*Record set*
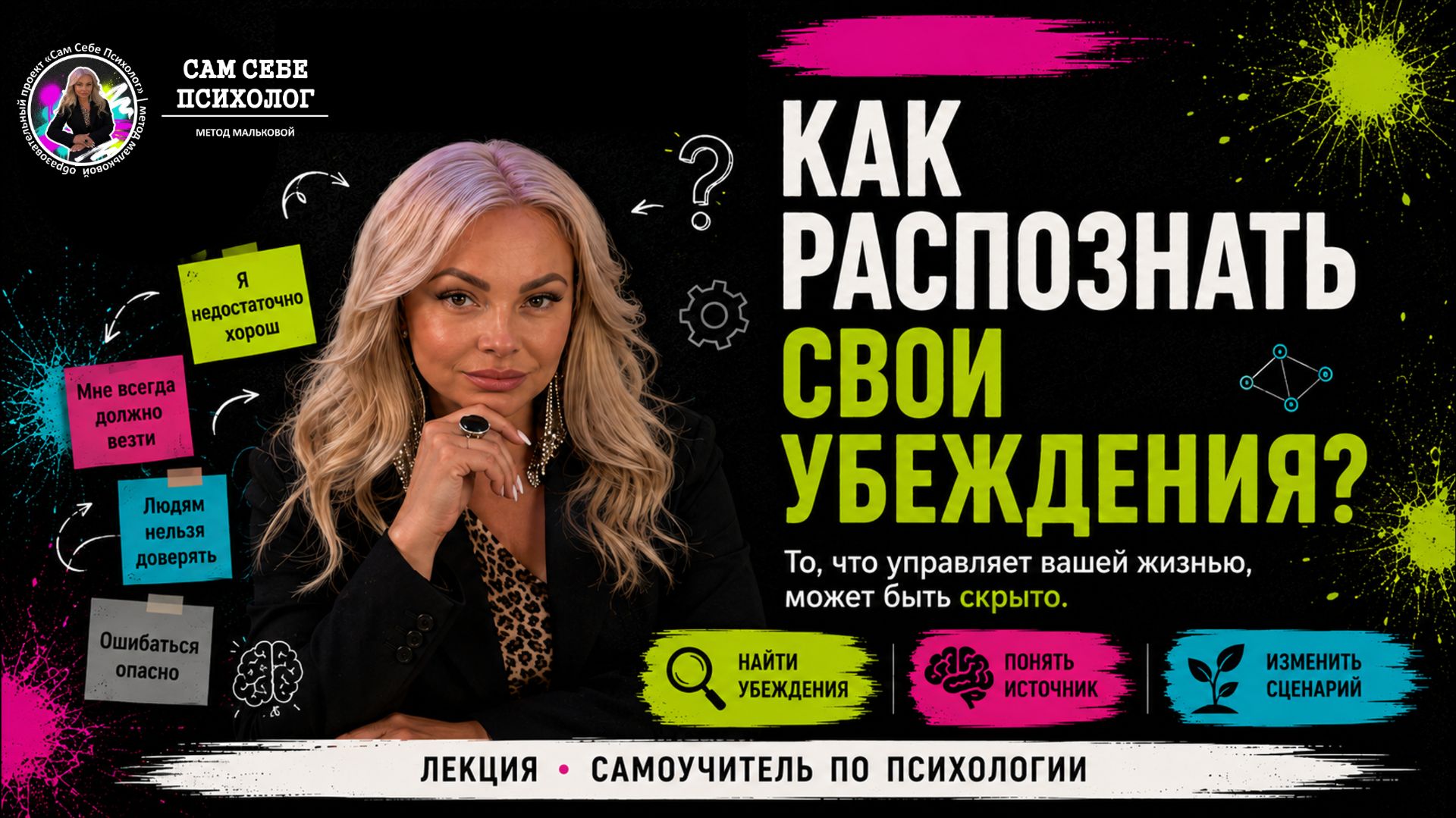 Вводная лекция: Сам себе психолог | Как обнаружить свои убеждения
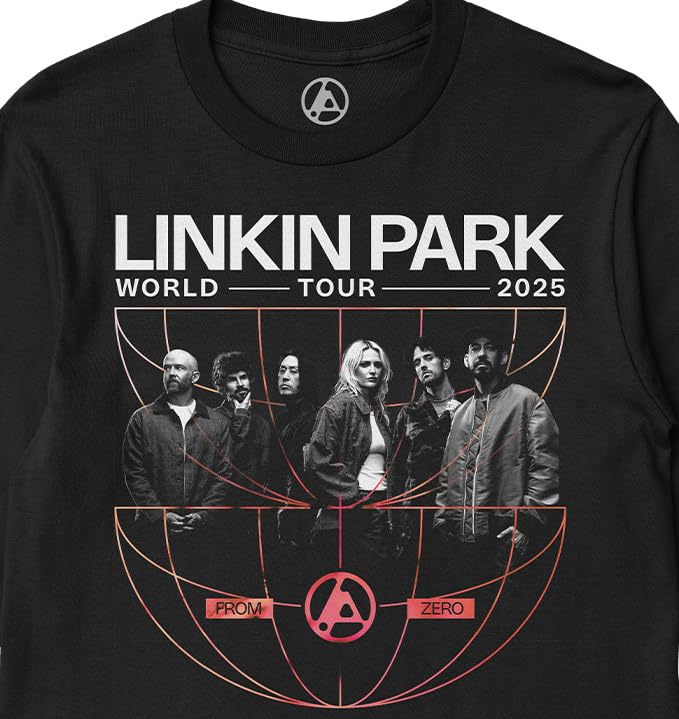 Linkin Park Unisex-Adult Official Merch from Zero Globe Long Sleeve Tee2
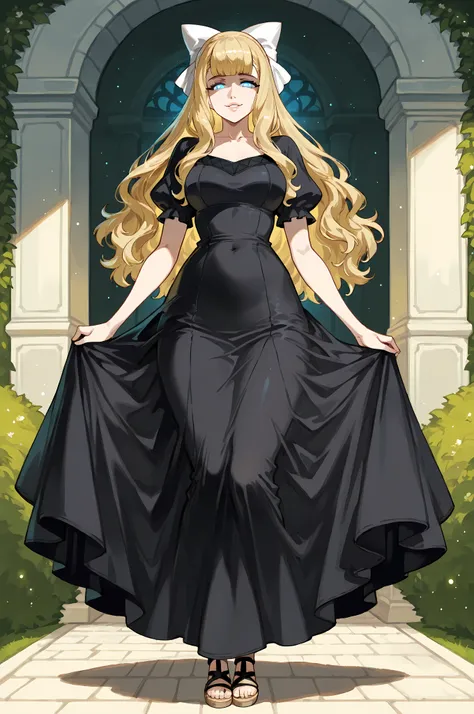 lazypos, 1girl, solo, looking at viewer, wideshot, from the front, standing, detailed eyes, looking at viewer, shadow, ligh particles, full lips, thick lips, Inspiring, confident smile, confident expression,
charlotte \(fire emblem\), blonde hair, blue eye...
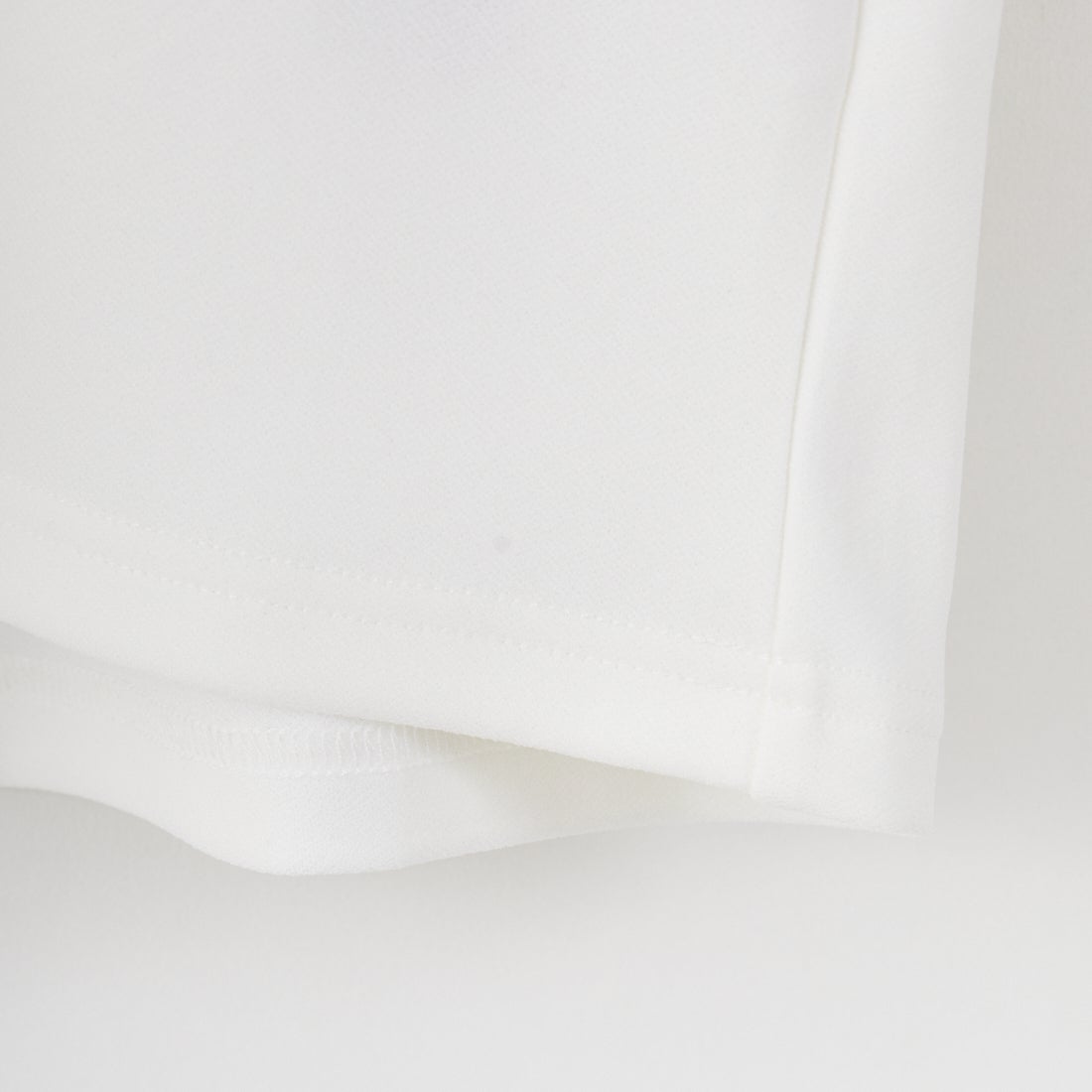 33Degrees [サーティースリーディグリーズ] 梨地刺繍Tシャツ [25140JF] C WHTﾄﾗ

*Your instructions*
In your output, include only the lines from the line containing "Linkin Park Unisex-Adult" through the last line of the material above, exactly as they appear, and leave out the pictures.

*Solution*
 Linkin Park Unisex-Adult Official Merch from Zero Globe Long Sleeve Tee2
 lazypos, 1girl, solo, looking at viewer, wideshot, from the front, standing, detailed eyes, looking at viewer, shadow, ligh particles, full lips, thick lips, Inspiring, confident smile, confident expression,
charlotte \(fire emblem\), blonde hair, blue eye...
 33Degrees [サーティースリーディグリーズ] 梨地刺繍Tシャツ [25140JF] C WHTﾄﾗ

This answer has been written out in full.